- _MATERIALS PROVIDED_:
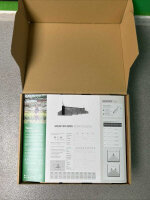 SANlight EVO 4-80 1.5 265W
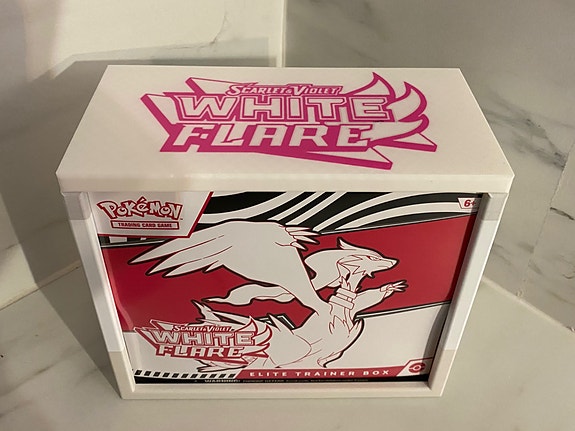 Product image 10 of 10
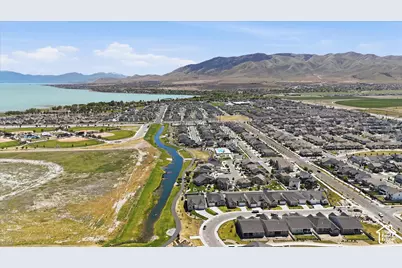 293 E Polaris Dr #101, Saratoga Springs, UT 84045 - Photo 65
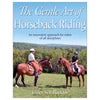 Get started by understanding the basics Get started by understanding the basics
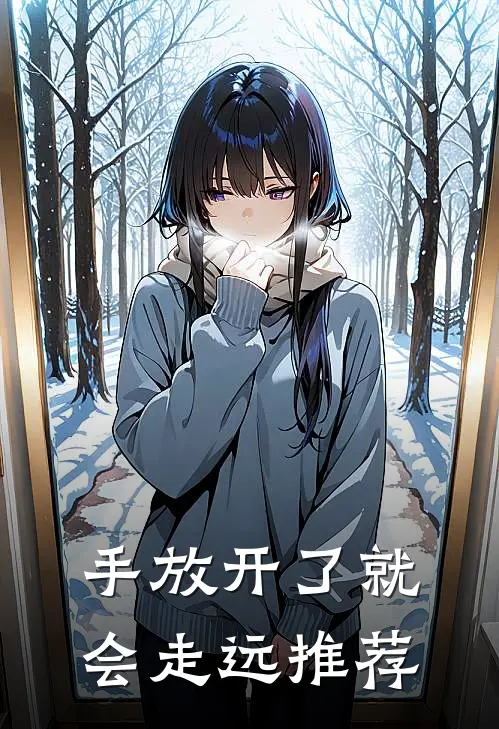 手放开了就会走远推荐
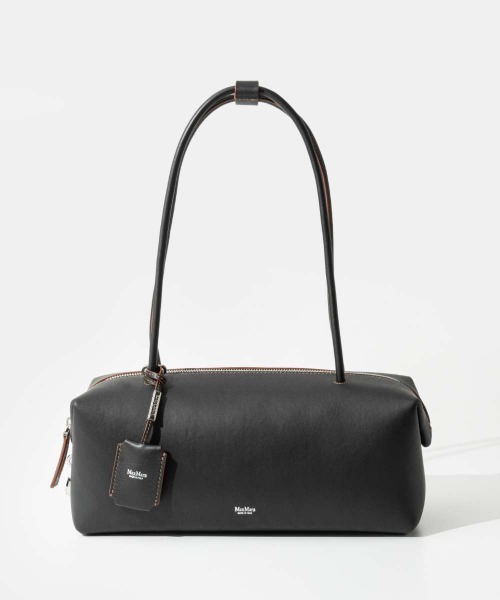 マックスマーラ　ハンドバッグ Max Mara MAX MARA マックスマーラ ハンドバッグ TMARINXS T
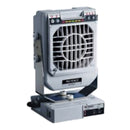 SJ-F035 | Keyence Blower Type Main Unit, High-speed [SAME DAY DELIVERY]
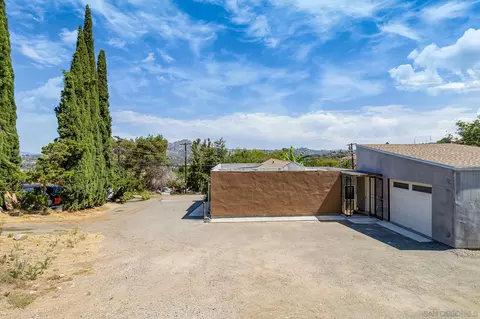 9567 Upland St, Spring Valley, CA 91977 photo 31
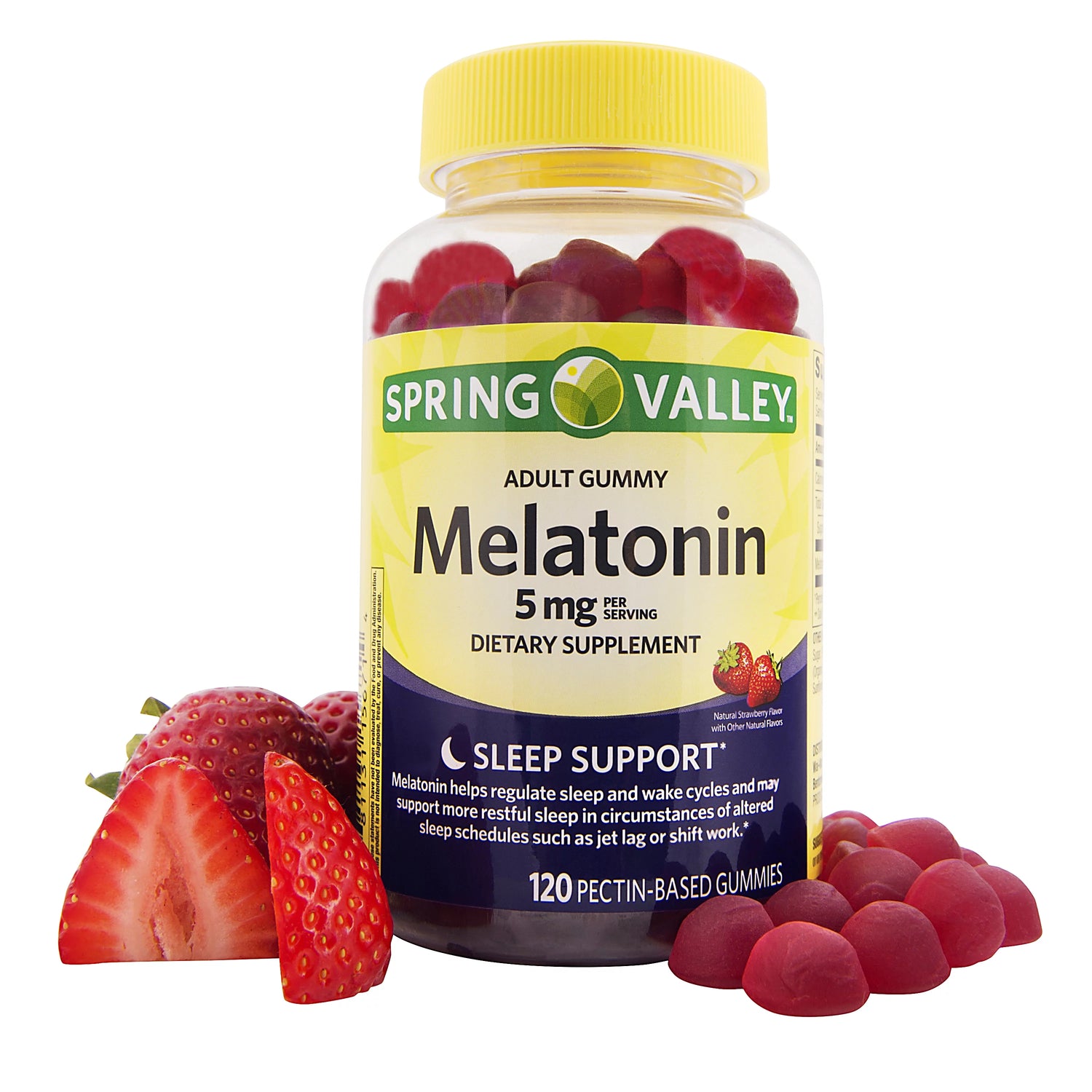 Melatonina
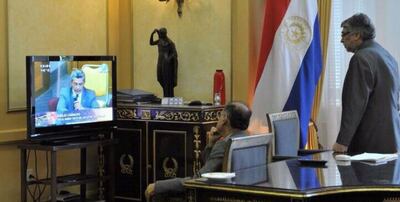 /pf/resources/images/abc-placeholder.png?d=2421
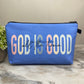 Pouch - Religion, God Is Good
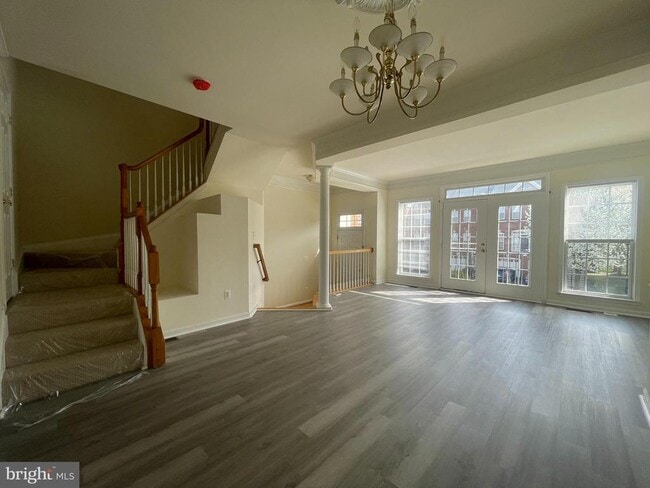 Photo - 41851 Cinnabar Square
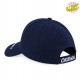 Casquette Muppet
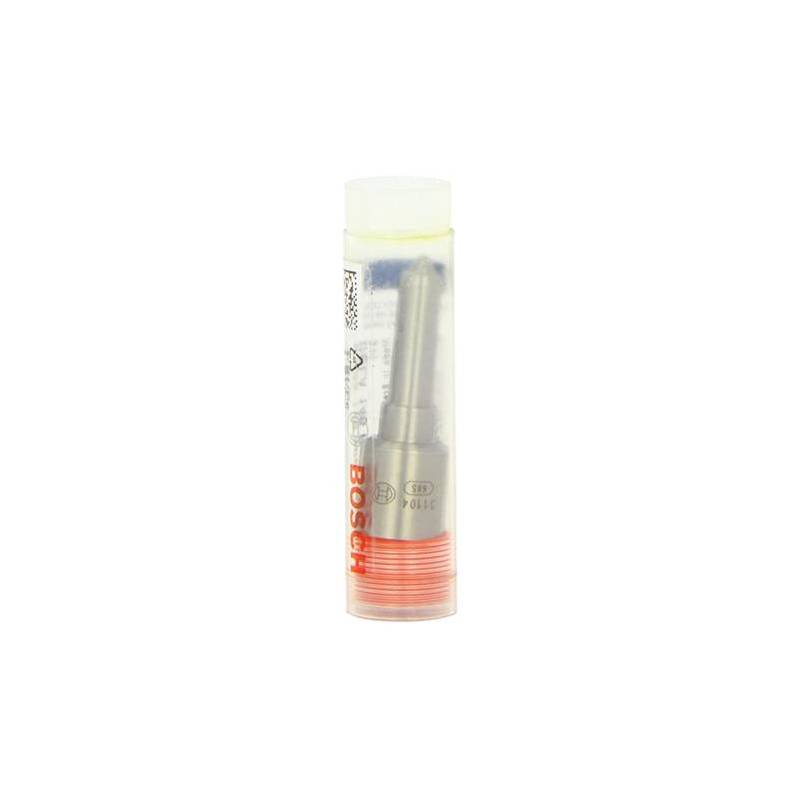 Diuza Injector Man, DSLA157P871, 51101020254, 0433175238  - 1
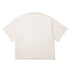 957CUM19 Off White / Over T-Shirt
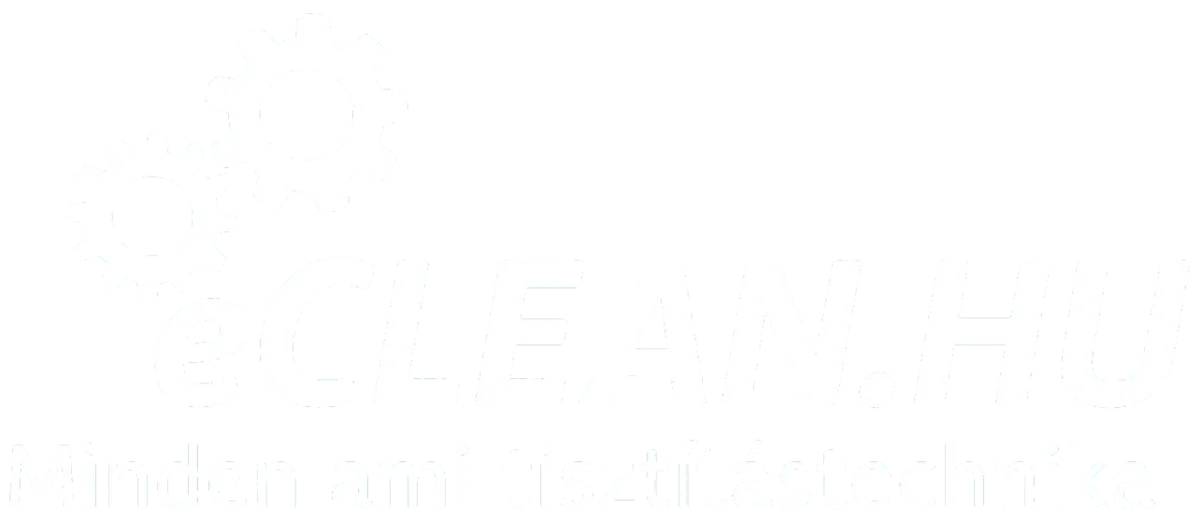 Gold Sponsor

- _TASK PROMPT_:
The whole listing should be restated word for word, with no pictures.

- _YOUR RESPONSE_:
 SANlight EVO 4-80 1.5 265W
 Product image 10 of 10
 293 E Polaris Dr #101, Saratoga Springs, UT 84045 - Photo 65
 Get started by understanding the basics Get started by understanding the basics
 手放开了就会走远推荐
 マックスマーラ　ハンドバッグ Max Mara MAX MARA マックスマーラ ハンドバッグ TMARINXS T
 SJ-F035 | Keyence Blower Type Main Unit, High-speed [SAME DAY DELIVERY]
 9567 Upland St, Spring Valley, CA 91977 photo 31
 Melatonina
 /pf/resources/images/abc-placeholder.png?d=2421
 Pouch - Religion, God Is Good
 Photo - 41851 Cinnabar Square
 Casquette Muppet
 Diuza Injector Man, DSLA157P871, 51101020254, 0433175238  - 1
 957CUM19 Off White / Over T-Shirt
 Gold Sponsor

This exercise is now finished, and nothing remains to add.